Throughout her life she told independentDuring this time, she has seen awareness of EB increase and treatments improving, but there is currently no cure and support is still severely lacking.
“We still need to move on,” she told The Independent. “We still need to keep fighting.”
To that end, she tapped Farrell to promote her book; he released a new video urging fans to buy a copy for their loved ones as a Christmas gift. She told us that “something big happened in February” for the two of them too independent – though she’s too shy to reveal details.
She believes her mission to educate the world about EB and her family’s friendship with Farrell helped her reach a milestone age that many other patients have yet to reach. She hopes that other people who are suffering, as well as readers who are dealing with any obstacles in their lives, will know her story and have hope.

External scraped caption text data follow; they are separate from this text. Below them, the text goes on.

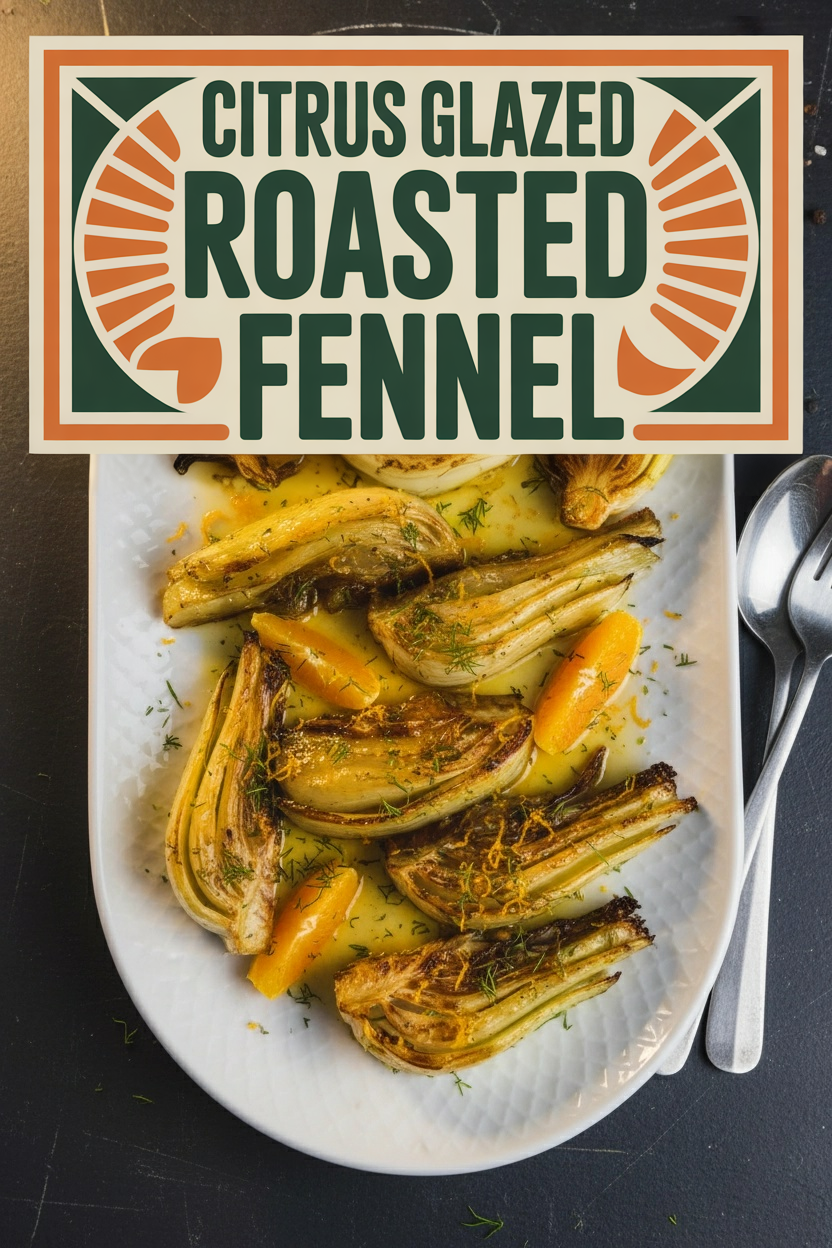 Citrus Glazed Roasted Fennel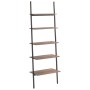 Kippregal 5 Böden dunkelbraun schwarz 64x34x185,5cm von vidaXL, Bücherregale und Regale - Ref: Foro24-336377, Preis: 92,53 €,...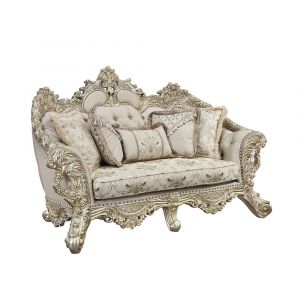 ACME Furniture - Danae Loveseat w/5 Pillows - Champagne & Gold - LV01194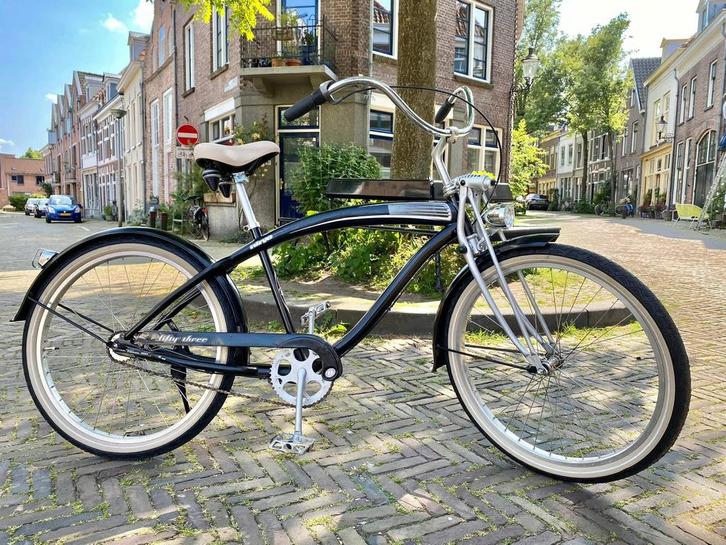 Nirve Fifty Three bike, Fietsen en Brommers, Fietsen | Cruisers en Lowriders, Gebruikt, Heren, Cruiser, Staal, 55 tot 59 cm, Ophalen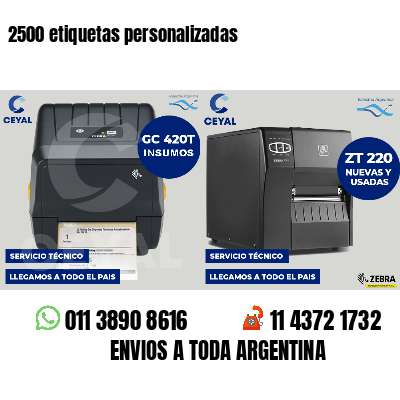 2500 etiquetas personalizadas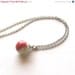 ON SALE Necklace marble vintage glass 1950s - 1960s playful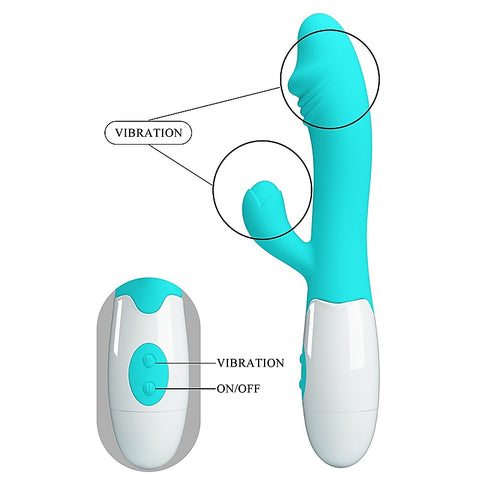 Pretty Love Snappy 30 Functions G Spot and Clitoral Vibrator - G-Spot Vibrators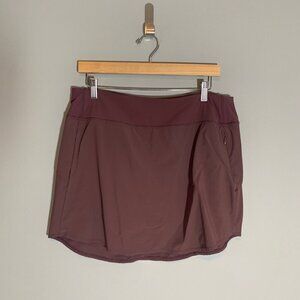 Knix Women Athletic Leakproof Skort Mauve Large Active Skirt with Built-in Liner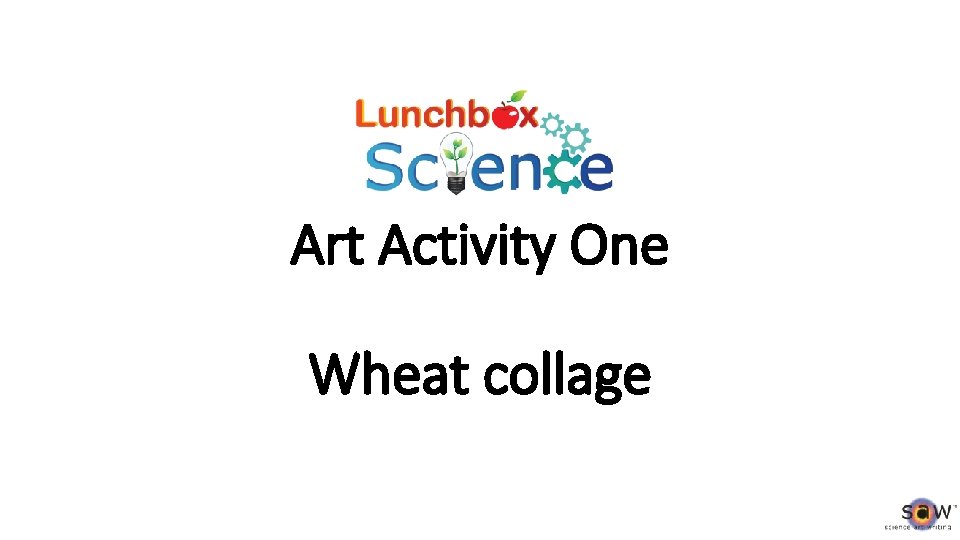 Art Activity One Wheat collage 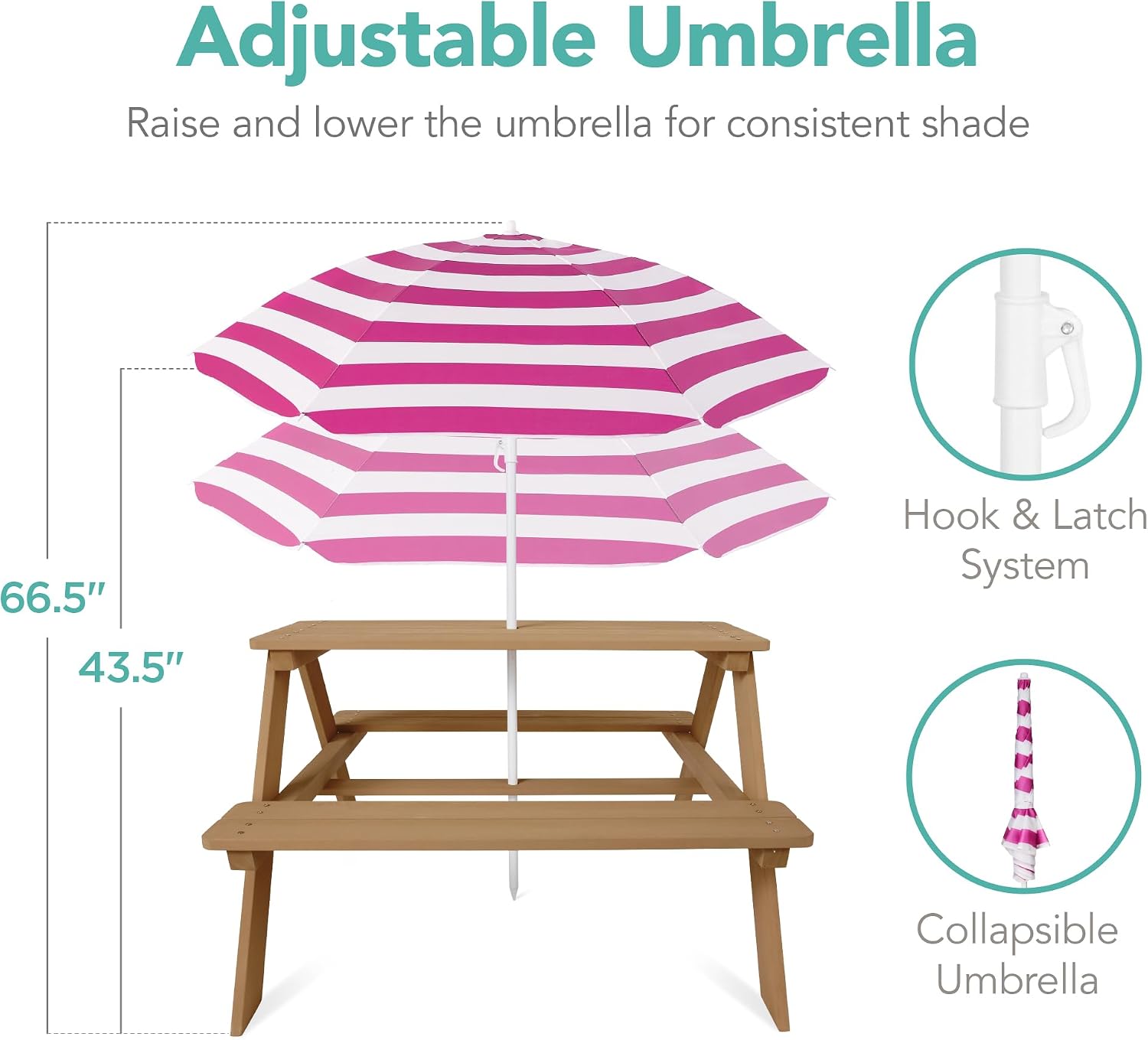 Thumbnail 5 de Best Choice Products Kids Picnic Table Hemlock Wood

“My parents were told I wouldn’t live a week and I would be better off if I didn’t hold on… I’m 41 now,” she said. “Anyway, I shouldn’t be alive at all.
“To the EB family or others, I hope [them] If they’re determined enough, if you have enough strength in your bones and body, if you have enough fire in your belly… you can do anything in the world,” she said. “I’m serious. It doesn’t have to be the biggest thing in the world, just do what you want to do. “
Farrell writes in the book that Emma’s greatest rebellion was “her insistence on living a full and meaningful life. A life full of adventure and joy. Of course, this life was limited in many ways by epidermolysis bullosa, but hers was a life that shared so many laughs, so many friendships, chose and imposed so many challenges, and triumphed over them all.”
He concluded: “She is one of our greatest teachers, and if readers can feel even a little bit of the wonder, sadness, strength, and hope that I felt when I got to know her, then they will come away with a life that was fulfilled because they were in the company of this amazing woman.”